__HOW TO COMPLETE THIS TASK__:
Look for the string "orange" in the listing below and copy every line in which it appears.

__MATERIAL SHOWN__:

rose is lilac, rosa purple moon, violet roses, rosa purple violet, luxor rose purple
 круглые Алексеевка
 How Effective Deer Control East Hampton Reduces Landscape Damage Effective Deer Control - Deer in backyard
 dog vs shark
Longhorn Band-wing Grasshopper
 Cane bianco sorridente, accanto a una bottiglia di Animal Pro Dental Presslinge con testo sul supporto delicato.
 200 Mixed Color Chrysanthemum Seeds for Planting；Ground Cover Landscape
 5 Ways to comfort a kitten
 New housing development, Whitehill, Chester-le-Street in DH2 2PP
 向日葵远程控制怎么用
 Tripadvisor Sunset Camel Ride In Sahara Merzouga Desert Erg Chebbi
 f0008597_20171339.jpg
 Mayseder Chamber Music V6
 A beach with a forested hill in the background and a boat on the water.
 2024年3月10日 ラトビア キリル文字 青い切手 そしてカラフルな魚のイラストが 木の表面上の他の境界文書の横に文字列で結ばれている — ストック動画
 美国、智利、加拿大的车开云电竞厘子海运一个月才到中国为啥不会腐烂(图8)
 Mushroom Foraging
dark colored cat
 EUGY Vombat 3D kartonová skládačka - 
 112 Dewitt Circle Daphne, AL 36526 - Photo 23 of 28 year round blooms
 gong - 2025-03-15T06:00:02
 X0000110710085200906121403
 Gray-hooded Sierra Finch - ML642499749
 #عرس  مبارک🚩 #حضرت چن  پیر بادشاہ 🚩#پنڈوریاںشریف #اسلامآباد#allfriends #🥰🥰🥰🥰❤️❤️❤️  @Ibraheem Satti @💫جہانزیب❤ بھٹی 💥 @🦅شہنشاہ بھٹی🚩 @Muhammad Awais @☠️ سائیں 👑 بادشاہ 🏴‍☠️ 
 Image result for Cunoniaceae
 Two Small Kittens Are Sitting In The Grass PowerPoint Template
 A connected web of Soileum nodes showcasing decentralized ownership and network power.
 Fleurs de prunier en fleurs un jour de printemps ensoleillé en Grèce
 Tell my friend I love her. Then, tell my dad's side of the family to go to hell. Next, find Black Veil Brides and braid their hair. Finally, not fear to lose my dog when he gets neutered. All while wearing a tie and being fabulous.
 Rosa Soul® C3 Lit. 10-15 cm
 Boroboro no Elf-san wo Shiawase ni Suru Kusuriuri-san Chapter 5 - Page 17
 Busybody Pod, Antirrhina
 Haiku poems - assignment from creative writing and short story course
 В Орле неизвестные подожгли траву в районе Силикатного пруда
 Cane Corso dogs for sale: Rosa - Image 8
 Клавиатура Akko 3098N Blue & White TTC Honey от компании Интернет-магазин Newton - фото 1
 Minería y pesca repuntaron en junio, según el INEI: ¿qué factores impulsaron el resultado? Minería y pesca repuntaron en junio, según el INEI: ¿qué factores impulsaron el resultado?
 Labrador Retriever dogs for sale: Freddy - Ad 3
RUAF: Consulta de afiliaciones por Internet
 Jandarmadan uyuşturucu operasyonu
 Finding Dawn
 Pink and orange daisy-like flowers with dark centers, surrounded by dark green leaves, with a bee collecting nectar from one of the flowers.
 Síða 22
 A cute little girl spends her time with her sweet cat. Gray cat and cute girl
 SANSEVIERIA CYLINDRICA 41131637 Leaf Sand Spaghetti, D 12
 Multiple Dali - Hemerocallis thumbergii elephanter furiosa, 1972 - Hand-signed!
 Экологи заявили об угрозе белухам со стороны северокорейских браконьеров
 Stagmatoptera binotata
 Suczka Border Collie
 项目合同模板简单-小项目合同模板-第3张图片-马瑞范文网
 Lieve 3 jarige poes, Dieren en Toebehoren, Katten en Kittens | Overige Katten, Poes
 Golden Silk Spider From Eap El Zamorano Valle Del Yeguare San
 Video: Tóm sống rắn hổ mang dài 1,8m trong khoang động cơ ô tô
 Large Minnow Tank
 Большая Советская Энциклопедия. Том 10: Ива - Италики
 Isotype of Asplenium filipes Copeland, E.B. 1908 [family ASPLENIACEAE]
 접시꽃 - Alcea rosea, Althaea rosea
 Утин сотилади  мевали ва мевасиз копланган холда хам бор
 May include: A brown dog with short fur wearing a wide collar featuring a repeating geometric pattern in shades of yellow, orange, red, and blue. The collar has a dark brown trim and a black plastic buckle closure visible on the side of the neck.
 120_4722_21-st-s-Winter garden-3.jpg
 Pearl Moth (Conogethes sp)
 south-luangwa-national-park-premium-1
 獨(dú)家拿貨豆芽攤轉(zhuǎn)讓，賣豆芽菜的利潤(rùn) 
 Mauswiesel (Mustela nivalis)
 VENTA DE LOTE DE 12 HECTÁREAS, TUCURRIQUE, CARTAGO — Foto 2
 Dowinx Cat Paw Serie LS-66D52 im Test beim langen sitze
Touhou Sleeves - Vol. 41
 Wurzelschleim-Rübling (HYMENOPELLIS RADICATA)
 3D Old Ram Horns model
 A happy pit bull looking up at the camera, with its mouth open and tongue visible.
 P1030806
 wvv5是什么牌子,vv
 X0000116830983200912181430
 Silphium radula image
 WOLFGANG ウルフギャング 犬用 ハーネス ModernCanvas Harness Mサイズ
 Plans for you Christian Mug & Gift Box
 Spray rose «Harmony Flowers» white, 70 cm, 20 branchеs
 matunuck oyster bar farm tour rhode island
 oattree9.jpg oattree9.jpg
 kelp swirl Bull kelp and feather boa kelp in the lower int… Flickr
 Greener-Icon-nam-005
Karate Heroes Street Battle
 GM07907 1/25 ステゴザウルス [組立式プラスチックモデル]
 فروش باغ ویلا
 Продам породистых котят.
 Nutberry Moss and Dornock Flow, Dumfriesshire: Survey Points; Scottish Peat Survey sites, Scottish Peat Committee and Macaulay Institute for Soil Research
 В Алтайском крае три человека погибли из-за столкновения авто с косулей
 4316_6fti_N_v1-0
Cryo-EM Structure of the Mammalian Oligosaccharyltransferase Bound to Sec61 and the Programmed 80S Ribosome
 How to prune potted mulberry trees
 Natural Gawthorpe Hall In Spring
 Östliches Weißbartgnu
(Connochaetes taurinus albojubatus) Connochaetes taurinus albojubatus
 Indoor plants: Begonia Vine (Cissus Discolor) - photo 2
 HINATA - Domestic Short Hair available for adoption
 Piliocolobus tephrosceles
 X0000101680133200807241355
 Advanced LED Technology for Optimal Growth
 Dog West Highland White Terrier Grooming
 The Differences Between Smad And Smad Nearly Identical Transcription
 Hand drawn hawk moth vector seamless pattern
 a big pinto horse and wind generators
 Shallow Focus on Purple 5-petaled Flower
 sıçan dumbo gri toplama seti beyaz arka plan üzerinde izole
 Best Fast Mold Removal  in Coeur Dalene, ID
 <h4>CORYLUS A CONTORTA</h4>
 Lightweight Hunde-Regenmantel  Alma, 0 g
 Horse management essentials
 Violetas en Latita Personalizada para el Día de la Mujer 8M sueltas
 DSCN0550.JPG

__WRITTEN SOLUTION__:
 Pink and orange daisy-like flowers with dark centers, surrounded by dark green leaves, with a bee collecting nectar from one of the flowers.
 May include: A brown dog with short fur wearing a wide collar featuring a repeating geometric pattern in shades of yellow, orange, red, and blue. The collar has a dark brown trim and a black plastic buckle closure visible on the side of the neck.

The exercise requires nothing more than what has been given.